WASHINGTON -- Like a Bradley Beal stepback jumper, it all happened so fast.
For most of this season, 47 games, Beal did not resemble the long-range sharpshooter he has been for the entirety of his career. He was shooting just 31.6 percent from three, well below his career mark of 37.9.
But then he made a mechanical adjustment with help from his trainer, Drew Hanlen, and since there has been no hope of stopping him for opposing defenses.
In the eight games since, Beal is shooting 51.2 percent from the perimeter on 10.4 attempts per game. That has raised his percentage for the season all the way to 35.2 in a very short period of time.
"It's rising up," head coach Scott Brooks said. "And I don't anticipate it dropping."
So, what exactly did Beal and Hanlen change?
Their film session as the turning point was first mentioned by Hanlen on a podcast with NBC Sports Washington's Chris Miller earlier this week. But after the Wizards' win over the Hawks on Friday night, Beal gave some details on what the fix exactly was.

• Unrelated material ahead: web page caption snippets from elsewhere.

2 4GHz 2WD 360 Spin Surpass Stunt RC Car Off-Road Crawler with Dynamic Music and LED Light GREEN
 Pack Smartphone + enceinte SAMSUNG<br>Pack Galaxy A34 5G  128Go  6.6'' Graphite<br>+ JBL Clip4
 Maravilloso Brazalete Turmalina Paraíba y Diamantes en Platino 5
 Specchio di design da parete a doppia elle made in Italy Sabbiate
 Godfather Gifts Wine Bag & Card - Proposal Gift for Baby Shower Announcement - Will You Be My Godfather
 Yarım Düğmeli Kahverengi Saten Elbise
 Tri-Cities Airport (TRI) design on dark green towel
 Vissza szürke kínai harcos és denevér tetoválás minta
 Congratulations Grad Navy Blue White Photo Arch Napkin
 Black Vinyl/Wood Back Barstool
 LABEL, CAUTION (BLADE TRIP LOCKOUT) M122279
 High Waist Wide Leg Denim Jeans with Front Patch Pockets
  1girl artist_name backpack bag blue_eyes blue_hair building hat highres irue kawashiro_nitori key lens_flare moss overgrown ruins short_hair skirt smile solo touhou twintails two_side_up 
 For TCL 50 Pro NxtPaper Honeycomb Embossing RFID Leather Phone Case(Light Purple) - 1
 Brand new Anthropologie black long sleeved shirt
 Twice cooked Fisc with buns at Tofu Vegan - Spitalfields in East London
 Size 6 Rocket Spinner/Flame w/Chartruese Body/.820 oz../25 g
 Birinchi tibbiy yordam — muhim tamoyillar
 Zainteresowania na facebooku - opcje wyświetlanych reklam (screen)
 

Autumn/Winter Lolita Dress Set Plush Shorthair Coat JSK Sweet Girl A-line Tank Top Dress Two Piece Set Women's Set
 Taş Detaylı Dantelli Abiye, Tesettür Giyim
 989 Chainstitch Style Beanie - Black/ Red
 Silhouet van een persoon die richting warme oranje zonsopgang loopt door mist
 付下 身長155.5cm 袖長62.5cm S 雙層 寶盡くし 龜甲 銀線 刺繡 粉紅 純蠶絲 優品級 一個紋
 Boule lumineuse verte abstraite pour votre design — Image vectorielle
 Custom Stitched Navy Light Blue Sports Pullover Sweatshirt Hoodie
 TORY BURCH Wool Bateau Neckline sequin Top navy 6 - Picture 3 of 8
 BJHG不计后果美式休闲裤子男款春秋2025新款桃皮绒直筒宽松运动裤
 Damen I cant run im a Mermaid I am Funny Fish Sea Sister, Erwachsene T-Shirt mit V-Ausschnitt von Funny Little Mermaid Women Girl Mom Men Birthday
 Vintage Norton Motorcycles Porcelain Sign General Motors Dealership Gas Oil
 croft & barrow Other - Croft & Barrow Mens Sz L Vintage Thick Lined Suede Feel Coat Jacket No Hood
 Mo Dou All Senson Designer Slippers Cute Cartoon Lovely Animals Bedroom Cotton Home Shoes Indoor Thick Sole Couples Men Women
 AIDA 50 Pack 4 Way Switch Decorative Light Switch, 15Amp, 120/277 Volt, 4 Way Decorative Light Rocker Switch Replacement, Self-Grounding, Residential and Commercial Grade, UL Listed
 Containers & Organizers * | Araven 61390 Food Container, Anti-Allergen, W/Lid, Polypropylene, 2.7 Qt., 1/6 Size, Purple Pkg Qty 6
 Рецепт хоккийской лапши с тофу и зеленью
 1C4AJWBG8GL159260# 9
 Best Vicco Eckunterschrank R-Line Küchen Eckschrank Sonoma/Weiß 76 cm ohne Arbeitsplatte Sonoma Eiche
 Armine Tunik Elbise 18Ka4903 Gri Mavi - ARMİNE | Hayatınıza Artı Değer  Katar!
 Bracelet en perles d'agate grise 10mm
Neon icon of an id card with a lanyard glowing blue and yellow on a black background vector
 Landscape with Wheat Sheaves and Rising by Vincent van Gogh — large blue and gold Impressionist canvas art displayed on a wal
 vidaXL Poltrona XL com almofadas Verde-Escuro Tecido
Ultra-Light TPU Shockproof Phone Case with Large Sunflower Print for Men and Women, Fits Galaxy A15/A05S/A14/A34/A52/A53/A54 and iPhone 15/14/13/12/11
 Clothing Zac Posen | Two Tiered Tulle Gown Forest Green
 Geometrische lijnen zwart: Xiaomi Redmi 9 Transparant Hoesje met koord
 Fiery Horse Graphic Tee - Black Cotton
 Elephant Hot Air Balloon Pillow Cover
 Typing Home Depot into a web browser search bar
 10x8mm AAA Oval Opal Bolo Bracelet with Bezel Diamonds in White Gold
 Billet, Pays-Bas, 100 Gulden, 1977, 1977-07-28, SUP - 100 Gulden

"I had honestly kind of changed the way I was shooting from last year or the year before. I was very narrow instead of being wide-based like I always am. I'm a lot more balanced. It's more consistent," Beal said.
Beal is now shooting with a broader stance. His footwork and the push he gets with his legs are crucial elements to his jump shot.
Hanlen and Beal worked together the night the Wizards lost to the Cavaliers on Feb. 21 at the gym in Beal's house. Beal picked up the lesson quickly and it has paid off in a big way in recent weeks.
During this stretch, Beal has averaged 39.1 points per game. He's dropped 50 or more twice and 30 or more seven times in eight games.
On Friday against Atlanta, he went 7-for-10 from long range.
"I'm just in a rhythm now," Beal said. "Ever since then, I've just been knocking them down. That was the final part of my game being where I want it to be."